• [Your task] Each line of the data is to be output verbatim, with the images removed.

··· Source data

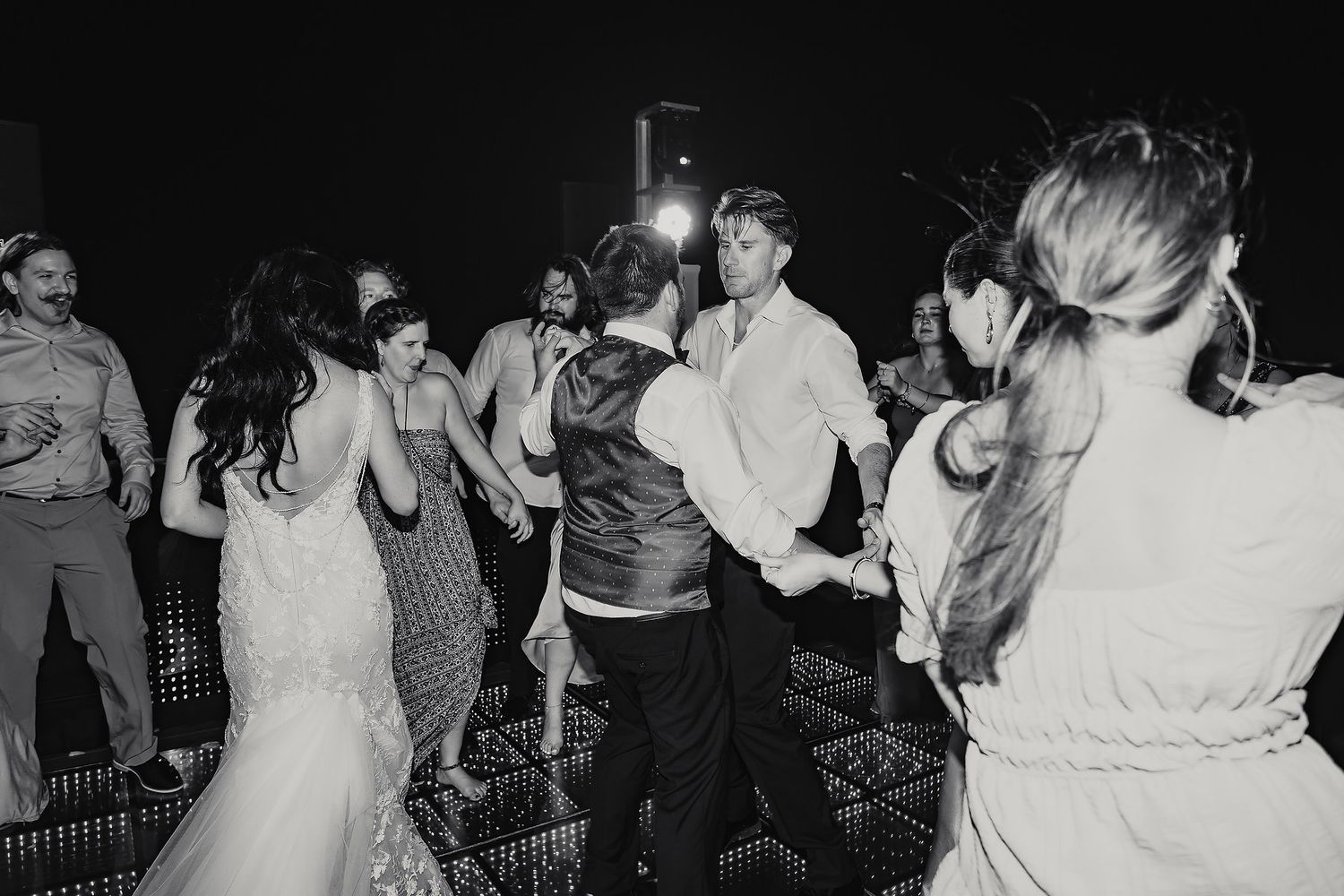 Black and white wedding reception dance floor photo with bride, groom, and guests celebrating together.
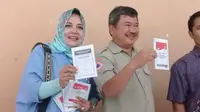 Bupati Garut Rudy Gunawan dan Istrinya Diah Kurniasari tetap mesra selepas memberikan pencoblosan di TPS jalan Kabupaten (Liputan6.com/Jayadi Supriadin)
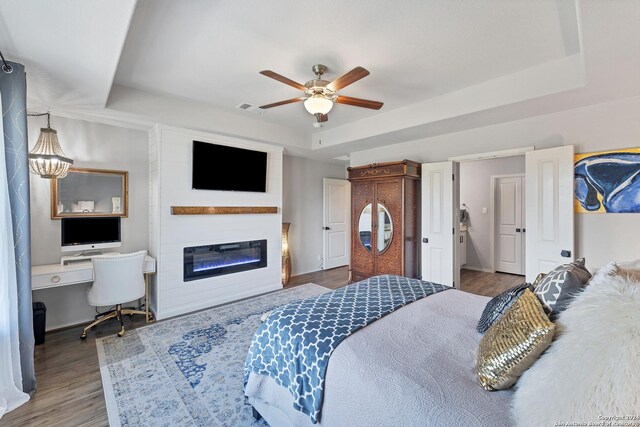 bedroom with a tray ceiling, wood-type flooring, built in desk, and ceiling fan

······

• [Exercise solution]
 Black and white wedding reception dance floor photo with bride, groom, and guests celebrating together.
 Bupati Garut Rudy Gunawan dan Istrinya Diah Kurniasari tetap mesra selepas memberikan pencoblosan di TPS jalan Kabupaten (Liputan6.com/Jayadi Supriadin)
 bedroom with a tray ceiling, wood-type flooring, built in desk, and ceiling fan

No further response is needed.